__What needs to be done__. Wherever pictures occur in the entries below, leave them out and retype the rest exactly.

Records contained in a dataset
=== Section Start ===

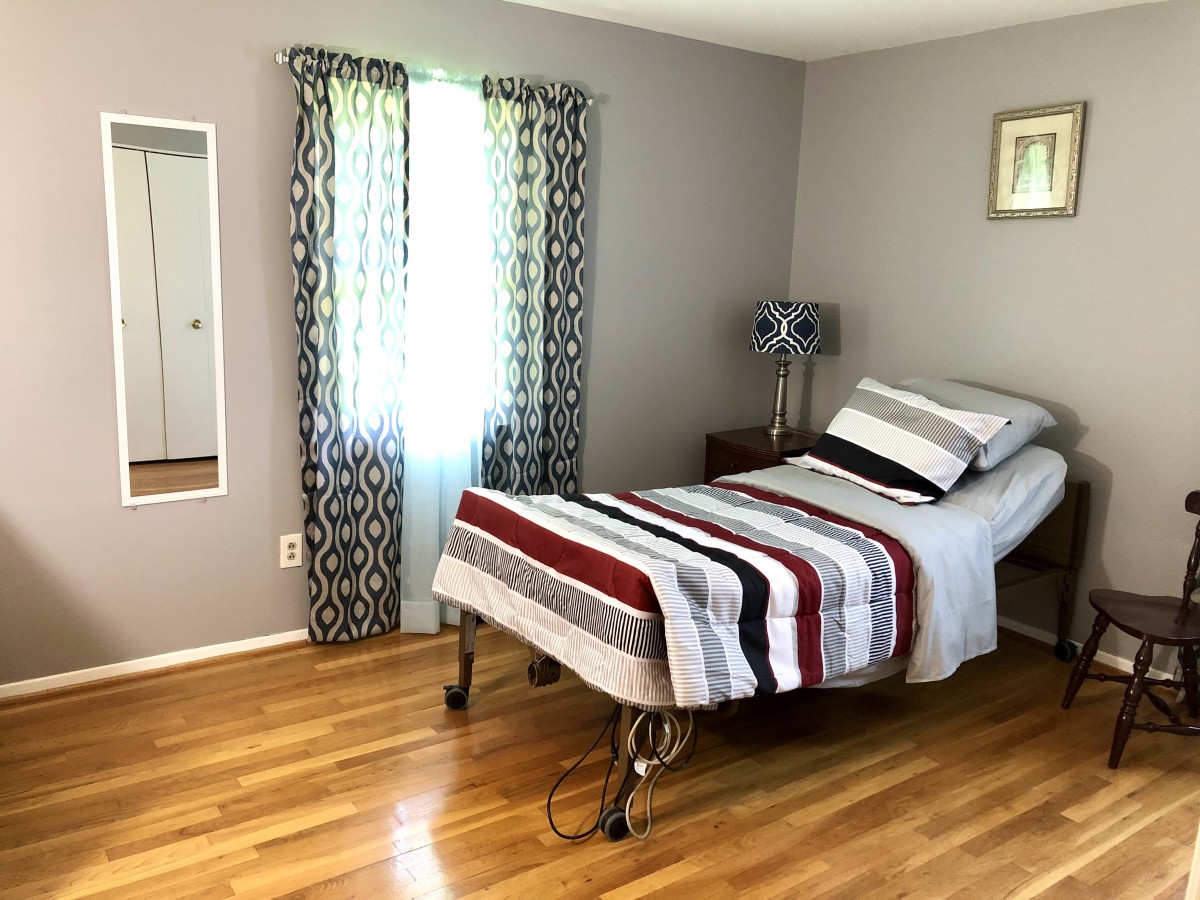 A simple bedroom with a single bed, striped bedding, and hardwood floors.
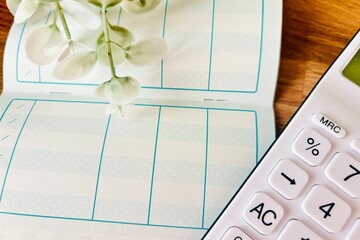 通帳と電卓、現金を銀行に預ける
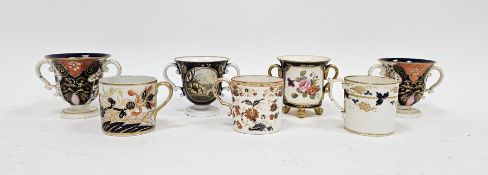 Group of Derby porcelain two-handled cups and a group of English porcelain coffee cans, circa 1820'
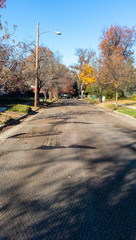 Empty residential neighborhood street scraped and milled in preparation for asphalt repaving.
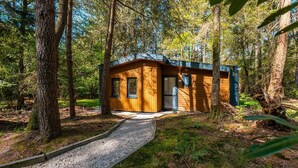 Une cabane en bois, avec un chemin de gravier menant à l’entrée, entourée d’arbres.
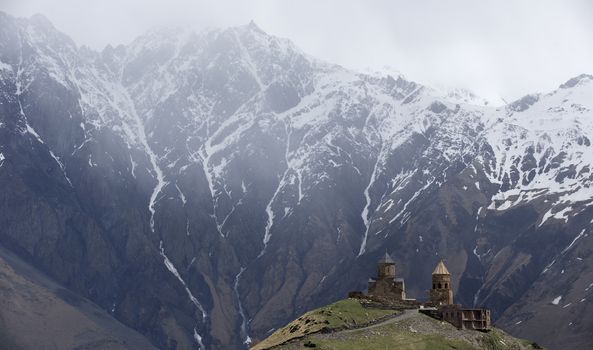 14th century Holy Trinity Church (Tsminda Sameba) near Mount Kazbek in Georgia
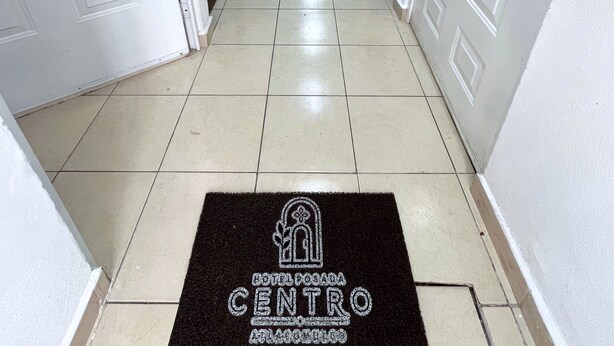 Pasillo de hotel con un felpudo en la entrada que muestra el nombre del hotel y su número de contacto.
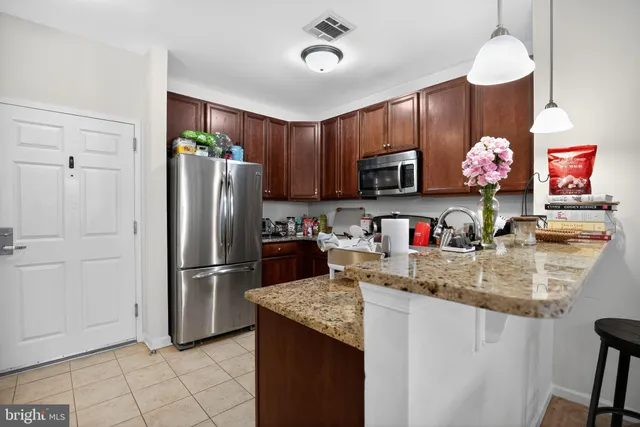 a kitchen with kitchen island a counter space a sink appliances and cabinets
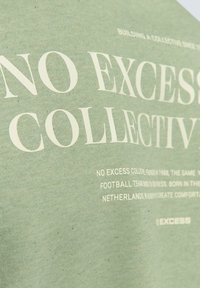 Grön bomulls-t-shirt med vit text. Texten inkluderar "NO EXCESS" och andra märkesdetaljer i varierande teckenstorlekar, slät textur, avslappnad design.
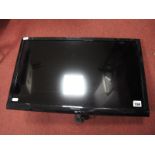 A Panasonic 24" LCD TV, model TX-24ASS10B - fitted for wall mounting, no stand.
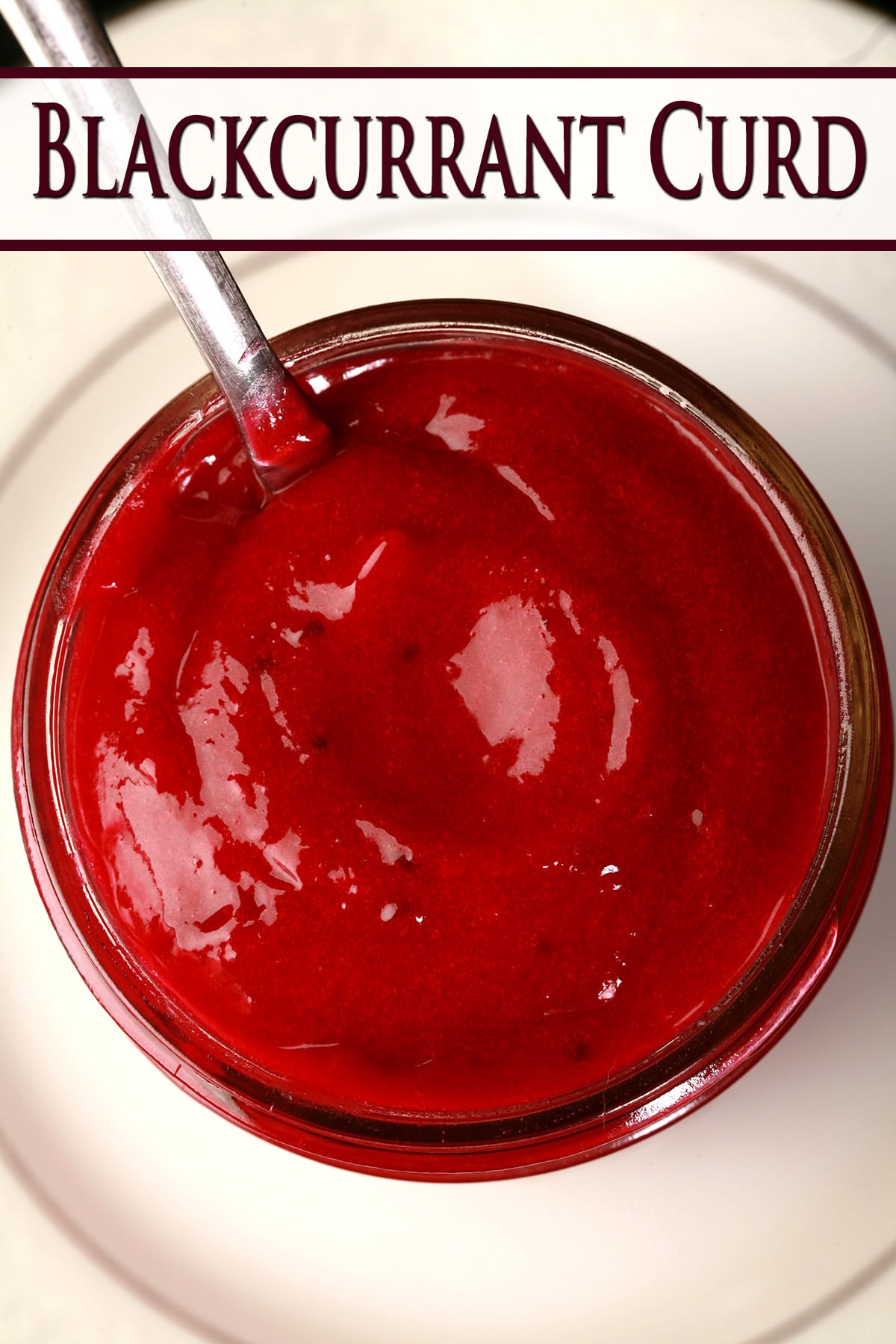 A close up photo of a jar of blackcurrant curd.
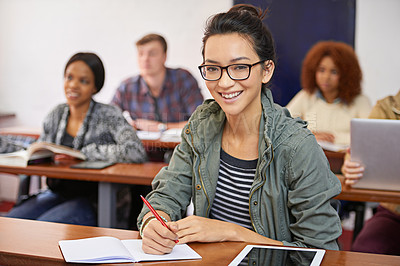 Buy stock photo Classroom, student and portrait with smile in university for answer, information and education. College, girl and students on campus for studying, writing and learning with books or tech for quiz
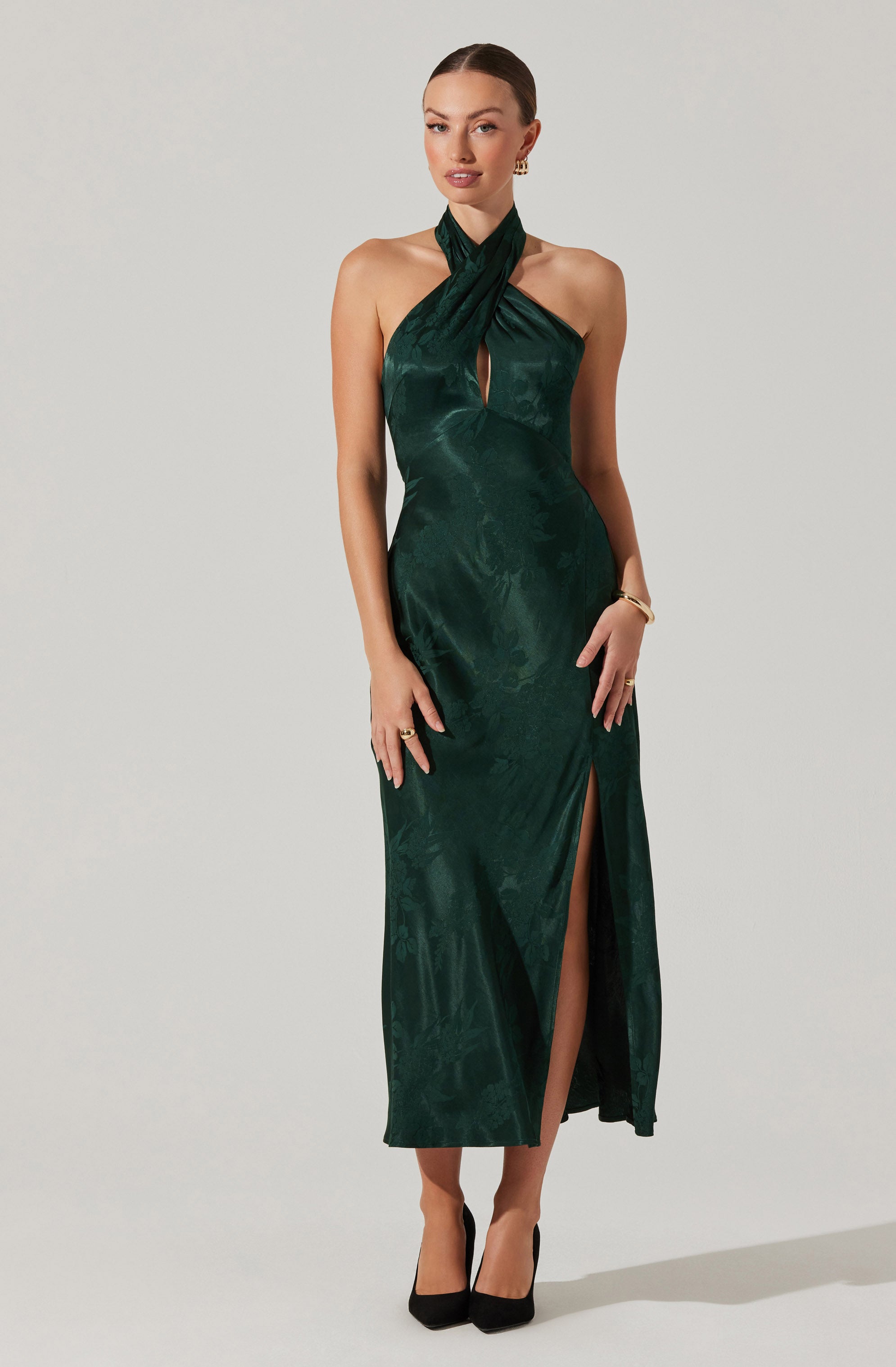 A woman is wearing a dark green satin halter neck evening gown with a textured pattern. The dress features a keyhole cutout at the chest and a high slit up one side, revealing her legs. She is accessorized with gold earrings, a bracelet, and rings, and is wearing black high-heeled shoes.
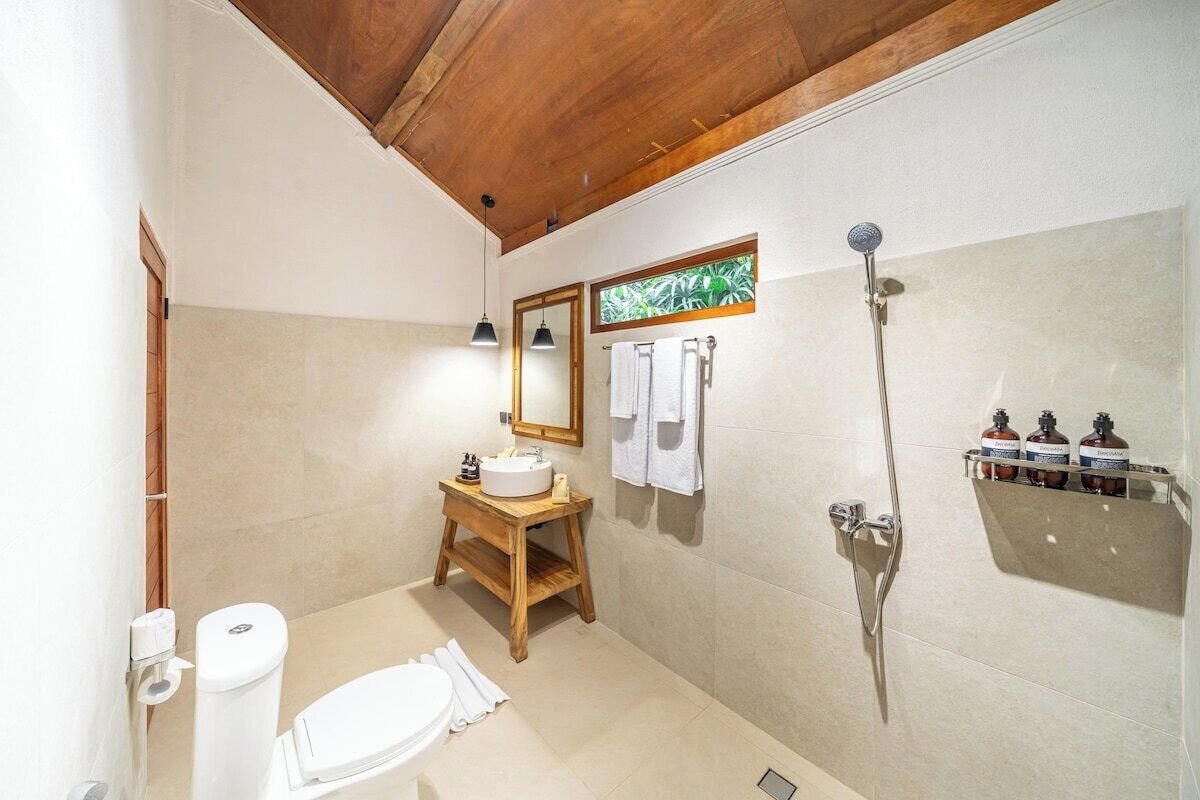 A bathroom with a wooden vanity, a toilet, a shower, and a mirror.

=== Section End ===

__Result for this task__.
 A simple bedroom with a single bed, striped bedding, and hardwood floors.
 通帳と電卓、現金を銀行に預ける
 Group of Derby porcelain two-handled cups and a group of English porcelain coffee cans, circa 1820'
 Empty residential neighborhood street scraped and milled in preparation for asphalt repaving.
 Une cabane en bois, avec un chemin de gravier menant à l’entrée, entourée d’arbres.
 14th century Holy Trinity Church (Tsminda Sameba) near Mount Kazbek in Georgia
 Pasillo de hotel con un felpudo en la entrada que muestra el nombre del hotel y su número de contacto.
 a kitchen with kitchen island a counter space a sink appliances and cabinets
 Grön bomulls-t-shirt med vit text. Texten inkluderar "NO EXCESS" och andra märkesdetaljer i varierande teckenstorlekar, slät textur, avslappnad design.
 A Panasonic 24" LCD TV, model TX-24ASS10B - fitted for wall mounting, no stand.
 A close up photo of a jar of blackcurrant curd.
 Buy stock photo Classroom, student and portrait with smile in university for answer, information and education. College, girl and students on campus for studying, writing and learning with books or tech for quiz
 A woman is wearing a dark green satin halter neck evening gown with a textured pattern. The dress features a keyhole cutout at the chest and a high slit up one side, revealing her legs. She is accessorized with gold earrings, a bracelet, and rings, and is wearing black high-heeled shoes.
 A bathroom with a wooden vanity, a toilet, a shower, and a mirror.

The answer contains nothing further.